Help building a small room with audio

Hey everyone, I've got a small "area" in my basement that I use as my computer/recording studio area. I've been thinking about walling it in to make a "room" out of it and I was wondering if I could get some advice.

My speakers are Von Schweikert VR-1's and my rig is a yamaha M406 mixer powered by a Stewart PA1000 power amp. Source is primarily audio files on my PC. The primary instrument recorded via mic is trumpet - everything else is typically electronically generated or recorded directly.

Here is a link to a JPG rendition that I hastily concocted:

The room is to be 10x8 feet with a desk running the entire length and left side. There is one 2x2foot corner that is cutout to make room for the chimney. Ceiling is roughly 7 feet and will remain unfinished. Desk will be constructed of 2x4's and plywood. Floor is concrete but would be carpeted. One wall is concrete and the others would be drywall. I could drywall the concrete wall but would prefer not to.

My main reason for walling things off is keep the room warmer in the winter months. I live in Wisconsin and it gets cold down in the basement!!

I'm pretty happy with the way things sound right now in spite of the concrete floor and wall. Will it sound completely horrible if I wall it in?? What can I do while constructing to make a small room sound decent?
Completely horrible,I have no idea.It will sound completely different.
treat the corners and make or purchase some absorbent material. But be liberal with the use of it or you could turn the room into the dead zone.

I recently built a dedicated room in a basement which had block walls and a concrete floor similar to yours. One of the walls had existing openings over the blocks between the joists. At the start of the project I carefully measured the frequency response of the room and measured again at various points along the way.

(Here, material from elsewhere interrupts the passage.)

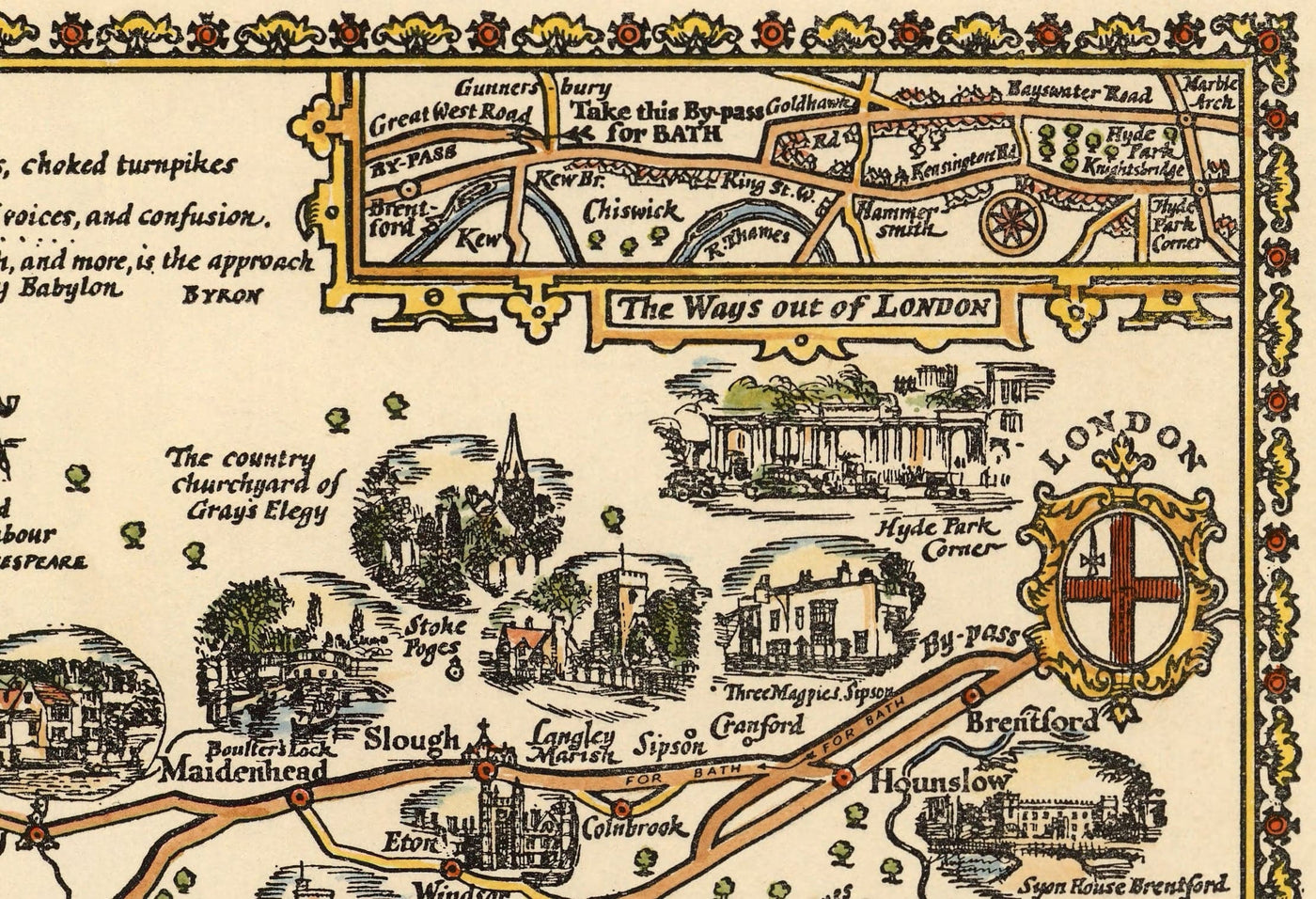 Pratts Plan of Bath Road, 1930 by A.E. Taylor - London, Berkshire, Wiltshire, Gloucestershire, Somerset - Old Vintage Car Map - Esso, Standard Oil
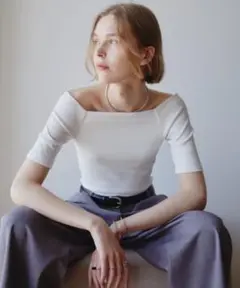 Aunt Marie's カップ付きオフショルリブハーフスリーブトップス　白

Despite using ideal room proportions, an insulated and suspended ceiling, and insulation and drywall over the sidewalls, the fact the room was now fully enclosed and airtight caused significant low frequency modal peaks that were not present at the start. The low frequency energy was reflecting off the hard cement surfaces and simply had no place to go to be disipated. This energy was previously escaping from the ceiling corners between the joist.

Thankfully, there was a solution which required trapping this energy with corner traps and constructing a hemholtz resonator behind the rear wall. But even though this solution worked very well, the measurements were not quite a good as where I started and extra effort was necessary.

Also, your proposed room will be very close to square, which will exasperate the modes even further. If there is any way to vary your room length/width/height proportions to a greater extent (see Cardas web site) and/or leave openings over the walls between the joists, I would highly recommend it. Even then, plan on plenty of corner trapping.

You might take a look at my system to better understand what I am describing. Making your room succede is possible, it just takes some careful planning and execution.
I've done a basement media room, and aside for some of the comments already made, attention needs to be paid to isolating the sound that the furnace will make. Not only the furnace itself but also the duct work. It is very difficult to get the noise floor down, especially if the furnace is old and the blower unit is not properly mounted in the housing. Depending on the unit, it may pay to look into replacing a replacement blower.
Thanks for the input everyone. I think what I'll do is wall in three sides instead of all four. That should trap enough heat to keep me more comfortable while working but keep it from being a little box of a room. Honestly, it is a pretty noisy area with the furnace and everything so there is only so much that can be done. I will have to replace the furnace in the next couple of years and will hopefully get one with a quieter blower.
Bentx2, I believe that if you leave a foot of space above the side and rear walls, and cover only the inside of the walls with drywall, the bass will move right through and not magnify the modes in your nearly square room. You can stuff insulation between the studs and still have an enclosed room for heat purposes and some reduction of the furnace noise. If noise reduction is needed to the upstairs, you can insulate the ceiling and add two layers of drywall for mass. Good luck and let us know how it turned out.